Stride Tech Talk: Lisa van Gelder on Microservices

Stride CEO Debbie Madden interviews Stride VP of Engineering Lisa van Gelder

Let's start at the beginning. What's a microservice?

No two people will give you the same answer! In my opinion size isn't important and the name is misleading. It's really about clear responsibilities: you should be able to describe what your service does in a couple of words. This is the Comment Service, this is the Search Service etc. A microservice needs to be deployed and hosted separately - if they aren't you have a distributed monolith. A microservice also needs to have clear data ownership. Its ok for another service to read from a datastore, but one service should be responsible for the schema and data. Having another service change the schema or data you rely on causes problems.

How can a team decide when it's time to move from a monolith to microservices?

You should think about moving to microservices when you start to feel pain. It's all about moving fast - in the beginning, having all your code in one application and deploying it together is the fastest way to go. At some point having a lot of teams all contributing code to the same application starts to get difficult. Everyone is treading on everyone else's toes. It's hard to do big refactors or schema changes without lots of co-ordination between teams. Releasing is complicated and needs lots of co-ordination too - and its hard to know which one of the many changes that just got released to production has caused problems.

How can a team tell where to start? What should be pulled into a microservice first?
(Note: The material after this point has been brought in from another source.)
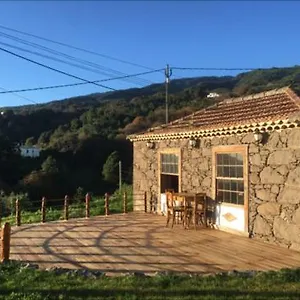https://casa-deco-la-galga-la-palma.in-canary-islands.com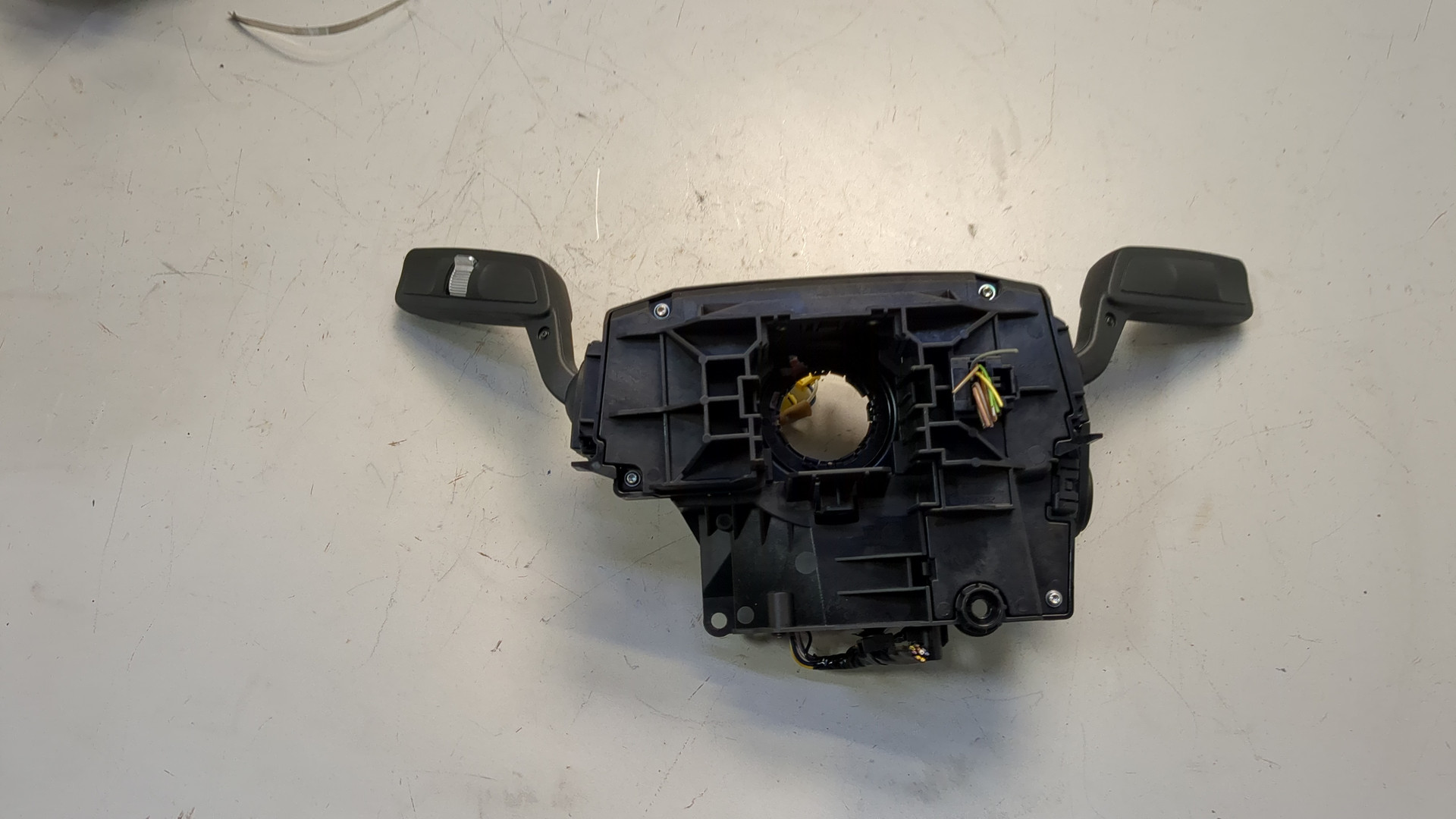 Переключатель подрулевой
I'd focus on the area of the code that is causing the most pain. Is there one part in particular that has performance problems or needs to scale? Is there one part that is going to change very rapidly and require a lot of deployments? Does one part always cause issues when you deploy it to production? You want to have as few dependencies as possible between microservices to ensure you can make changes to one without affecting others, so I'd start by moving code into modules with distinct responsibilities.

Moving from a monolith to microservices can be a saving grace for many unwieldy code bases. What are the top 3 advantages?

Anti-fragile systems: loose coupling means performance problems in one part of the system can be isolated and the system can be more resilient.

Scaling: It's possible to scale only the parts of the system that really need to scale.

Empowered teams: teams can take control of their own architecture and technology stack and choose the right tool for the right job.

As you highlighted in your XP NYC Meetup talk, moving to microservices isn't without risk. What are the top 3 risks for teams to be aware of?

Tightly coupled services are harder to test and maintain than monoliths! Making changes to a lot of services to get a feature out is painful and requires careful co-ordination. Dependencies between services are really hard to test and hard to debug in production when things go wrong.

Silos: different technology choices by different teams can make cross-team communication and collaboration difficult. If your team has a great solution to a problem in scala, is it useful to my ruby team? Do I need to learn a new programming language to come join your team? When all the Guardian's teams used java we used to have people moving teams every couple of weeks. When we switched to different tech stacks, people stayed on the same team for years. This can impact company culture.

Someone still needs to monitor and maintain all these technologies in production. Developers don't necessarily have the knowledge to implement replication, backups, monitoring etc - but also operations don't want to have to support ten different languages and ten different datastores.

What 3 things do you wish you knew 5 years ago that you know now about the tricks for an effective microservices undertaking?

Shared ownership is key: as well as taking ownership of their own service, developers need to take ownership of the system as a whole. The user doesn't care if the search service has 100% uptime when the shopping cart app is down and they can't buy the product they want. Everyone needs to pull together to investigate outages and fix problems without assigning blame.

Cear SLOs, escalation points and owners: it should be clear what the expectations are when a service goes down. Does someone get paged? If so who? How critical is each service and what is the expected response time if it goes down?

Shared logging and user identifiers. Debugging incidents across services is hard. Having a shared user identifier to track a request between systems is invaluable, as is exporting logs to something like logstash so its possible to track an incident between logs without having to log into a hundred machines.